Matt Dixon, (@Mdixon55)
TALLAHASSEE _ When Gov. Rick Scott ran for governor in 2010, the GOP establishment supported former Attorney General Bill McCollum.
So, when Scott, a former health care executive, spent nearly $40 million of his own wealth to beat McCollum in the Republican primary, fences needed to be mended between the rookie politician and the party he now led.
Enter Adam Hollingsworth.
At the time of the 2010 primary, Hollingsworth was making $189,000-per-year as chief of staff to then-Jacksonville Mayor John Peyton. He took a leave of absence, recruited by both the Republican Party of Florida chairman and Scott campaign manager Susie Wiles, to help fix the relationship between Scott and the party’s elite.
Hollingsworth became one of Scott’s most trusted advisers, a position he used to influence the administration’s rejection of billions in federal high-speed rail money, then later lobby for a rail project that would benefit his employer, emails, text messages and administration documents obtained by the Scripps/Tribune Capital Bureau show.
Hollingsworth, through his office, declined to comment.

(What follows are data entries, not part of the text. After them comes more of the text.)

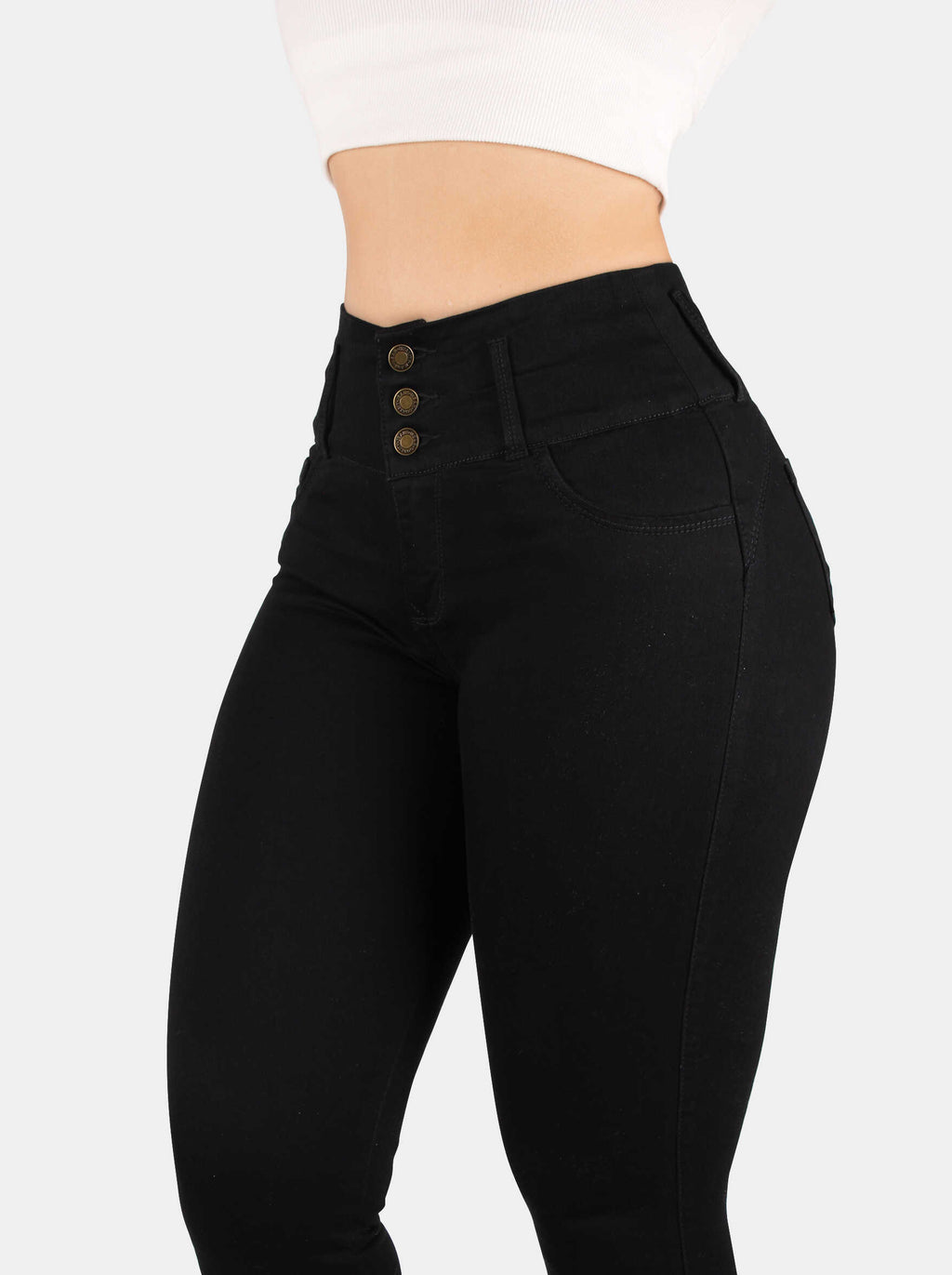 Jean Skinny, pretina ancha, tiro alto, Ref 5212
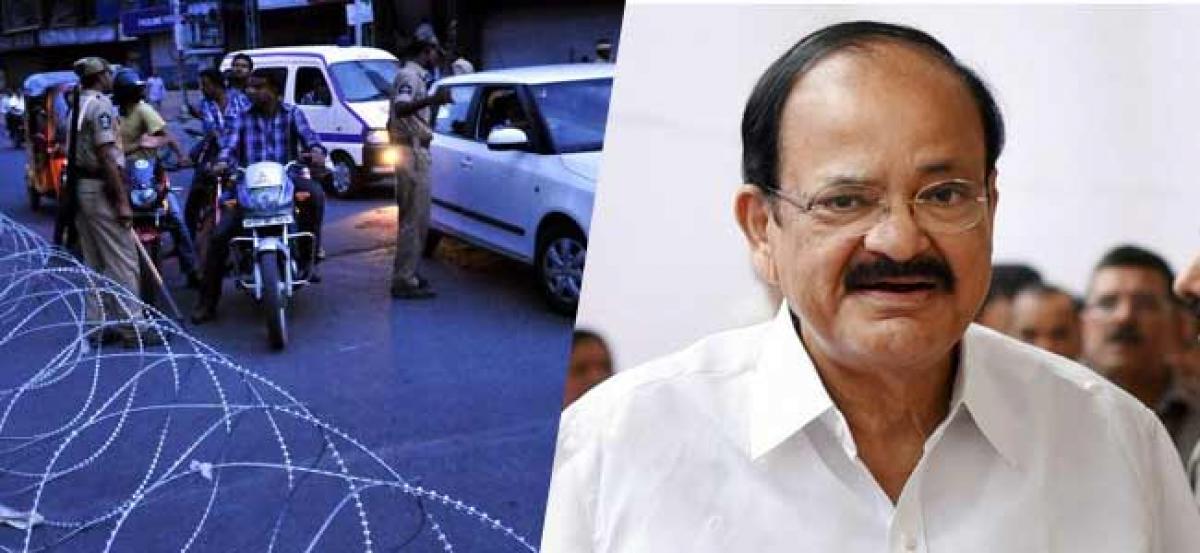 Traffic Restrictions in Hyderabad for vice-president visit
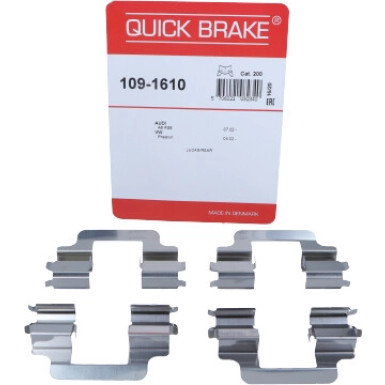 109-1610 Zubehörsatz, Scheibenbremsbelag 109-1610 Zubehörsatz, Scheibenbremsbelag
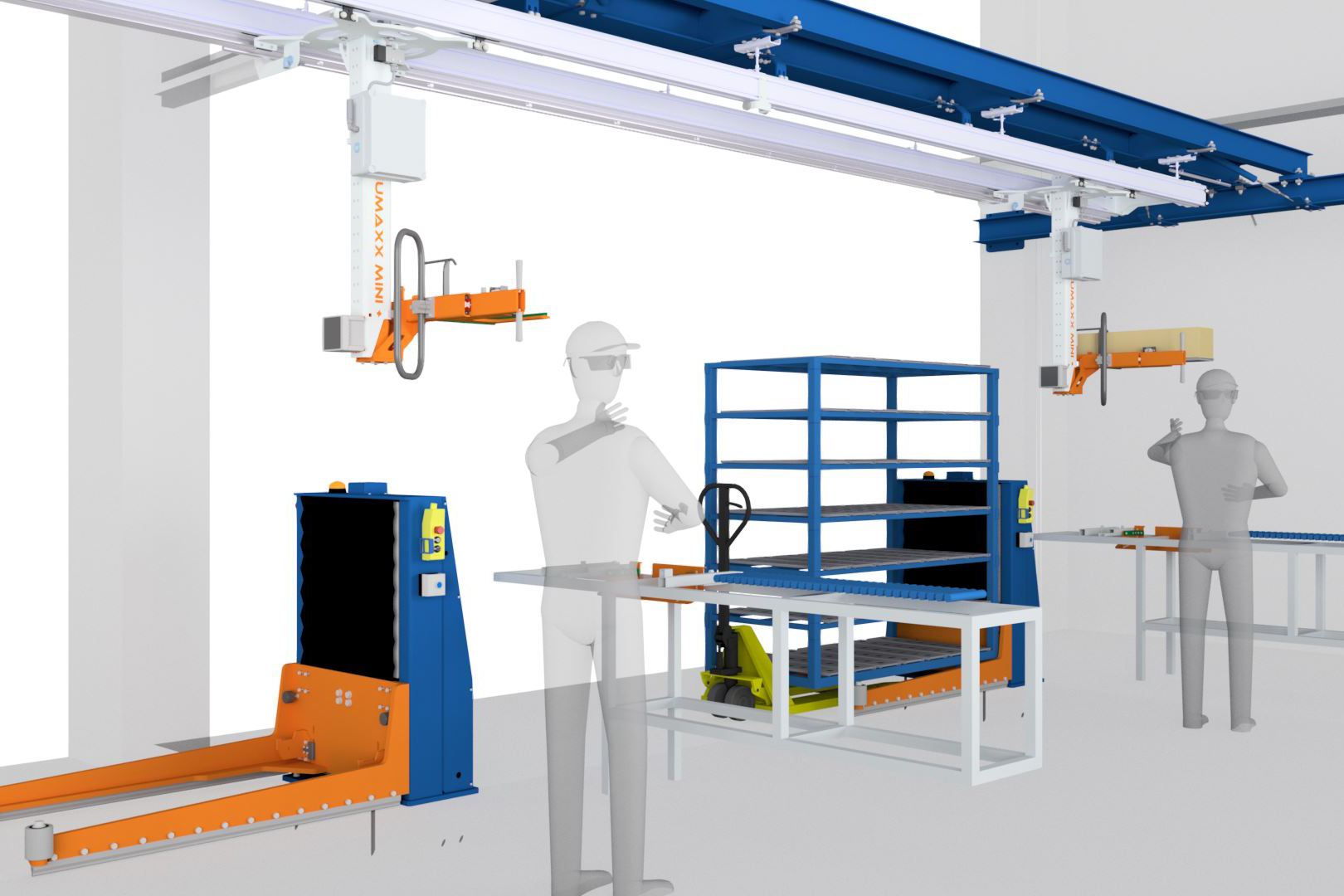 Manipulator for ceramic heat exchangers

After the November 2010 election, Hollingsworth was brought on to serve as a transportation adviser to Scott’s transition team.
His role was not ceremonial. As adviser, Hollingsworth penned a draft letter informing federal administrators Florida was rejecting $2.4 billion in federal money for a high-speed rail line between Orlando and Tampa.
“Please find attached a draft letter for the governor to send US DOT Secretary Ray LaHood on high-speed rail,” Hollingsworth wrote in a Feb. 13, 2011, email to a handful of Scott advisers.
Hollingsworth’s letter included links to a study authored by the Libertarian-leaning Reason Foundation that found cost overruns could cost state taxpayers $3 billion, a number later cited by Scott.
After the state rejected the federal money, Hollingsworth became an executive at Parallel Infrastructure, a company owned by Florida East Coast Industries. That company also owns All Aboard Florida, now pushing a Miami to Orlando rail project.
Julie Edwards, All Aboard Florida’s chief marketing officer, said Hollingsworth working to reject the federal money didn’t help All Aboard Florida.